Herdamos o termo “chanchada” como se fosse inevitável. Ele surge nas páginas dos críticos dos anos 1940 e 1950, quase sempre com um tom de desprezo — como se aquele cinema alegre, cantado e paródico, não fosse digno de análise séria. Entretanto, devo confessar que nunca fui adepta desse termo. Há algo de reducionista nele, uma tentativa de enquadrar em caricatura um movimento que, em essência, estava inventando a si mesmo.
Em seu livro “Alinor Azevedo e O Cinema Carioca (1955), Luís Alberto Rocha Melo traz um panorama de dentro a engrenagem da Atlântida Cinematográfica, descreve o entusiasmo e a precariedade de um período que tentava fazer da comédia popular uma indústria.
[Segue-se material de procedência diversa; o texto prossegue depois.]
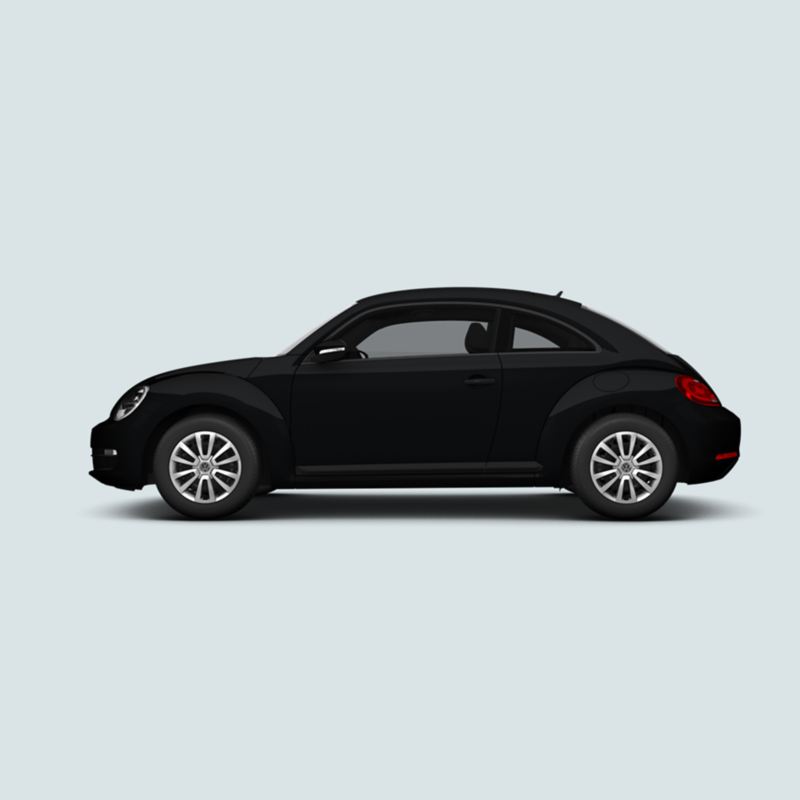 Profile view of a black Volkswagen Beetle..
E é impossível não se apaixonar pela energia que moveu aqueles roteiristas, diretores e atores — uma geração que acreditava que o cinema brasileiro poderia, sim, dialogar com o público, rir de si mesmo e ainda assim criar identidade.
A Atlântida, fundada em 1941 por Moacir Fenelon e José Carlos Burle, se tornou o coração desse cinema. Era um estúdio movido tanto pela vontade de produzir quanto pela falta de recursos, o que o tornava um espaço de experimentação constante. Dali saíram nomes como Carlos Manga, Watson Macedo, José Carlos Burle e Alinor Azevedo, que fizeram do humor uma ferramenta de leitura social — ainda que muitos não percebessem.
Esses filmes — Carnaval Atlântida, Aviso aos Navegantes, Nem Sansão Nem Dalila, Amei um Bicheiro — misturavam música, sátira política, e paródias hollywoodianas. Eram mais do que comédias musicais: eram retratos de um Brasil urbano, em transformação, tentando se reconhecer no espelho da tela. Sob o brilho do entretenimento, havia algo profundamente humano: a vontade de narrar o cotidiano, a contradição e o sonho de um país que se modernizava às pressas.
Os críticos da época, em geral, formados sob o olhar europeu e literário, não conseguiam enxergar valor naquilo que fugia do “grande cinema de autor”. Para eles, as “chanchadas” representavam o atraso. Mas hoje, à distância, vemos o quanto essas produções foram documentos de seu tempo — registros da linguagem popular, das expressões, da ironia e até da autoimagem de um país em construção.
Ao revisitar essas obras, é impossível não sentir que nelas há poesia disfarçada de riso. O improviso técnico, o exagero, a teatralidade e até o uso das canções — tudo isso faz parte de uma estética genuinamente brasileira. E talvez seja por isso que o termo “chanchada” me soe injusto: ele cristaliza o preconceito de uma crítica que confundia o popular com o inferior.